[Short descriptive text snippets]
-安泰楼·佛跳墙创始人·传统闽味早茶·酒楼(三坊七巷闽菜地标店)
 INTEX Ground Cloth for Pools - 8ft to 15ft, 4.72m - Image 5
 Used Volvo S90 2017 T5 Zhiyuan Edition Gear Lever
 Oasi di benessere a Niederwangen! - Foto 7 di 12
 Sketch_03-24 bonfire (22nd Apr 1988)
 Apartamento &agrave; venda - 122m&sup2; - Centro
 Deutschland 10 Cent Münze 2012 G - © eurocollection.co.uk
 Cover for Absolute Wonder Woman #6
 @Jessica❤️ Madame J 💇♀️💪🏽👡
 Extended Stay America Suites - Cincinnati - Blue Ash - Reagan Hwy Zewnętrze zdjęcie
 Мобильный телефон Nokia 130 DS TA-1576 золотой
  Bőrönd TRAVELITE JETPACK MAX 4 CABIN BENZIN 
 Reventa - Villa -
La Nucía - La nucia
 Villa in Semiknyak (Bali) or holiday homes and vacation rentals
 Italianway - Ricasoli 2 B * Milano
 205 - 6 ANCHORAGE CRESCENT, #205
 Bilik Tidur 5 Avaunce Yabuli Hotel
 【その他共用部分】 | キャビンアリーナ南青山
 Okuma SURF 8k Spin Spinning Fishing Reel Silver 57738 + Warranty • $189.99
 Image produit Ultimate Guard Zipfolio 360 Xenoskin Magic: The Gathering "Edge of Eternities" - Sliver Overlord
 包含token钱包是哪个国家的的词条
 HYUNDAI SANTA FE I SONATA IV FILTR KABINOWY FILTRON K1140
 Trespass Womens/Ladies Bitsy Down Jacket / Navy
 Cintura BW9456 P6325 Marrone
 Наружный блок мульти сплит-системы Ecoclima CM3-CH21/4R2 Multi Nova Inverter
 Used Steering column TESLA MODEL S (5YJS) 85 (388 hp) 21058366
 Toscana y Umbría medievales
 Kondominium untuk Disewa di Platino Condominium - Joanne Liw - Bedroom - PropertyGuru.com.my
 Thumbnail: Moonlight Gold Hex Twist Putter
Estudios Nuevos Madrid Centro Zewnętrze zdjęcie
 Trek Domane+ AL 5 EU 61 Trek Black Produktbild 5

WHAT TO DO: All of the data above should be reproduced exactly, with nothing left out.

ANSWER BOX:
-安泰楼·佛跳墙创始人·传统闽味早茶·酒楼(三坊七巷闽菜地标店)
 INTEX Ground Cloth for Pools - 8ft to 15ft, 4.72m - Image 5
 Used Volvo S90 2017 T5 Zhiyuan Edition Gear Lever
 Oasi di benessere a Niederwangen! - Foto 7 di 12
 Sketch_03-24 bonfire (22nd Apr 1988)
 Apartamento &agrave; venda - 122m&sup2; - Centro
 Deutschland 10 Cent Münze 2012 G - © eurocollection.co.uk
 Cover for Absolute Wonder Woman #6
 @Jessica❤️ Madame J 💇♀️💪🏽👡
 Extended Stay America Suites - Cincinnati - Blue Ash - Reagan Hwy Zewnętrze zdjęcie
 Мобильный телефон Nokia 130 DS TA-1576 золотой
  Bőrönd TRAVELITE JETPACK MAX 4 CABIN BENZIN 
 Reventa - Villa -
La Nucía - La nucia
 Villa in Semiknyak (Bali) or holiday homes and vacation rentals
 Italianway - Ricasoli 2 B * Milano
 205 - 6 ANCHORAGE CRESCENT, #205
 Bilik Tidur 5 Avaunce Yabuli Hotel
 【その他共用部分】 | キャビンアリーナ南青山
 Okuma SURF 8k Spin Spinning Fishing Reel Silver 57738 + Warranty • $189.99
 Image produit Ultimate Guard Zipfolio 360 Xenoskin Magic: The Gathering "Edge of Eternities" - Sliver Overlord
 包含token钱包是哪个国家的的词条
 HYUNDAI SANTA FE I SONATA IV FILTR KABINOWY FILTRON K1140
 Trespass Womens/Ladies Bitsy Down Jacket / Navy
 Cintura BW9456 P6325 Marrone
 Наружный блок мульти сплит-системы Ecoclima CM3-CH21/4R2 Multi Nova Inverter
 Used Steering column TESLA MODEL S (5YJS) 85 (388 hp) 21058366
 Toscana y Umbría medievales
 Kondominium untuk Disewa di Platino Condominium - Joanne Liw - Bedroom - PropertyGuru.com.my
 Thumbnail: Moonlight Gold Hex Twist Putter
Estudios Nuevos Madrid Centro Zewnętrze zdjęcie
 Trek Domane+ AL 5 EU 61 Trek Black Produktbild 5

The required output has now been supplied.